Aided by the dual-clutch gearbox, progress is as smoother than a skating pro on ice, with barely perceptible changes whisking you forward. Unlike many so-called luxury cars, the TT is capable of achieving serene flow state.
But be careful, because the thick wad of refinement dulls the sensation of speed to the point where you can be unconscious of it.
Manual override is a tug of a left (for down) or right (for upshifts) paddle lever away, yet we preferred to either leave the selector in Drive for the smoothest possible progress or, when quicker upchanges were called for, slotting the shifter into DS for Drive Sport. This holds on to each ratio longer for hotter acceleration times.
A 6.2s 0-100km/h run is not too shabby for a 1984cc unit, and nor is the 238km/h 2.0 TFSI quattro’s impressive official combined fuel consumption figure of 7.7L/100km – a result we approached during our own economy drive.
Turn up the heat, though, and the TT’s sports car potential is thwarted by the lack of proper steering feel. It’s as if all that posh cabin polish has been layered between the road and tyres, so that the driver is denied to truly connecting with the car.
This is a shame, because while the Audi is not in the Porsche Cayman league of steering response and handling finesse, it will keep a keen driver entertained with how immediately it reacts to inputs.
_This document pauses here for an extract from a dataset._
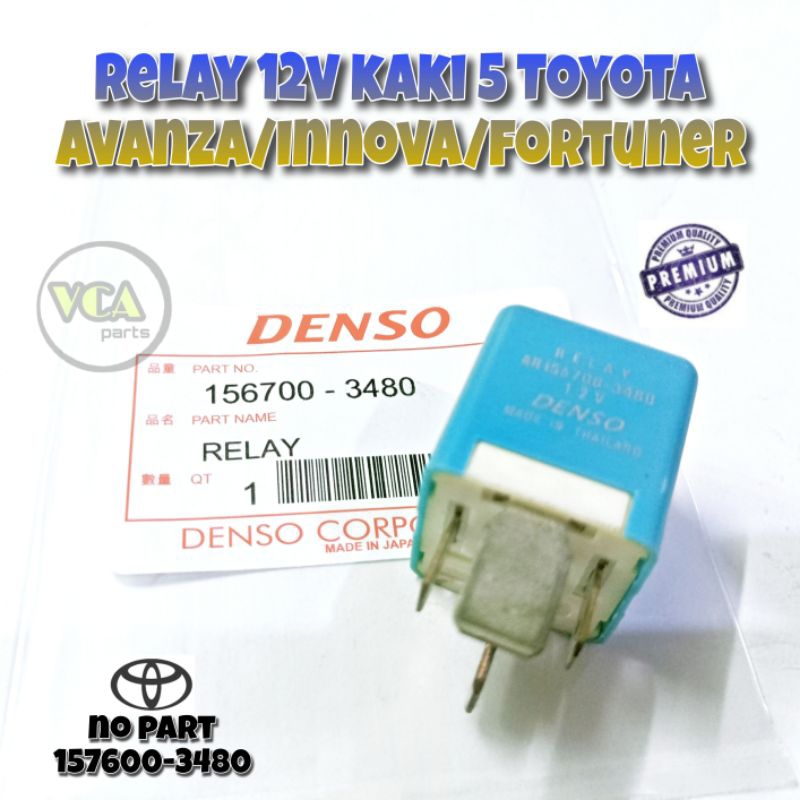 RELAY 12V KAKI 5 TOYOTA AVANZA/INNOVA/FORTUNER/YARIS/HILUX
Corners can be carved with total ease, while – with the AWD hardware and alphabet soup of electronic safety aids looking over the TT like a guardian angel – there is ample grip in both wet and dry conditions.
The firmish suspension settings work in concert with the switched on engine, gearbox, steering and brakes, so the driver can get into a zone while stringing together a series of turns and bends, feeling as one with the car.
But the upshot here is some loud absorption properties, accompanied by the occasional hard thud as the dampers quickly reach the limit of their pliancy. It makes for a busy – if not hard – ride on irregular urban roads, but open-road comfort is first class as long as the bitumen remains smooth.
Call the TT a sporty GT grand tourer then, with a tightly coiled spring of an engine, the smoothest gearbox in the world – except when sudden on/off/on-again acceleration causes jerky responses – and the sort of all-weather roadholding that conjures up motoring clichés such as ‘leech-like grip’, and you have the 2.0 TFSI quattro in the bag.
Priced from under $80,000, it feels like a somewhat more expensive car, and drives like one too.
If you are only familiar with the earlier but prettier 8N TT, then the latest model’s broad dynamic capabilities should convert you. Not Laurence Olivier (Jaguar SS) or even Robert Downey Jr (DMC Delorean) great, but definitely worthy of the increasingly more talented Brad Pitt.
And the 2.0 TFSI quattro is probably the best ambassador of the whole TT range.